The image above is a summary of the risk analysis produced by participants of the recent Inform USA Virtual Conference. We identified a range of use cases, discussed their potential benefits and risks, and then polled participants on their perspective on each. This is a rough average of the aggregate results of our live dynamic poll.

This was only the beginning of what will be an ongoing dialogue, but we can already see some themes emerge: the closer an AI technology gets to an “end user” – a help-seeker, a service provider trying to help a help-seeker, any untrained eye – the more risky it is. Meanwhile, use cases that help trained professionals analyze language across large datasets, for instance, present relatively lower risks. With this insight, we can start developing a framework for responsible use of algorithmic technologies. 

We’ll pick up there in the next and final (for now) post in this series – in which I’ll talk about the challenge and opportunities of “putting humans in the loop” with AI. In that next post, I’ll lay out some initial suggestions about what AI means for the future of I&R. 

In the meantime, we’d like you to get involved in this discussion. Let us know what you think in the comments. Join other I&R providers in Inform USA’s membership Networker. Book time with me during Office Hours. And you can express interest in advising our emerging Inform USA AI Task Force.
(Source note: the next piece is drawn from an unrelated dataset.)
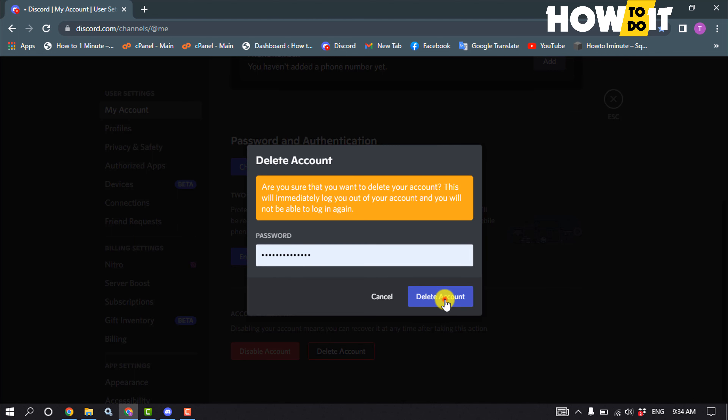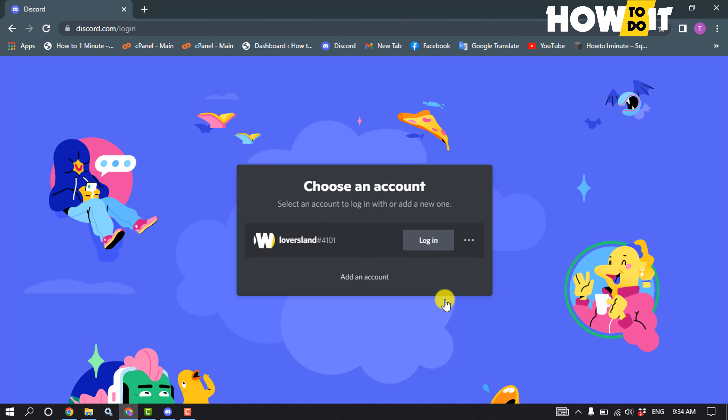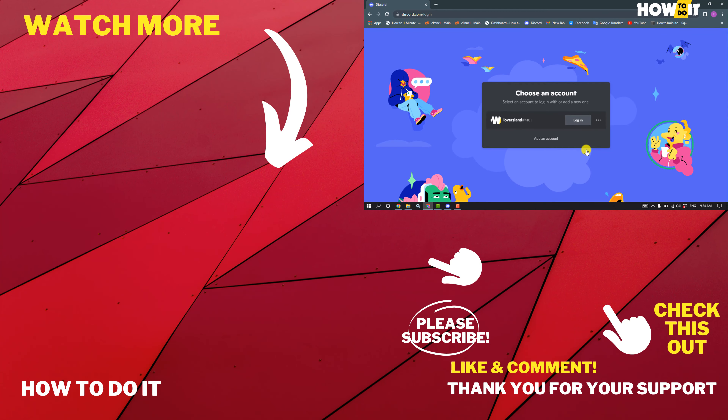And that's how you can do it. If this video helped you, give a thumbs up and please consider subscribing to How to Do It. Thank you for watching.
These are exciting times – and the best way to undertake this journey is to do so together!


  1. Rather than “hallucinations,” there is another term can better help us understand the potential risks of this kind of technology – as best defined in Harry Frankfurt’s classic philosophical text on the matter from 1986, On Bullshit: b.s. is speech that is intended to persuade without regard for truth. A key attribute of b.s. is that it may be technically true. Or it may not! As Frankfurt warns us, the source of b.s. simply doesn’t care. So we can best understand “AI” technologies to be, essentially, massive B.S. machines. (Since I gave my presentation, this article was published making this very point.)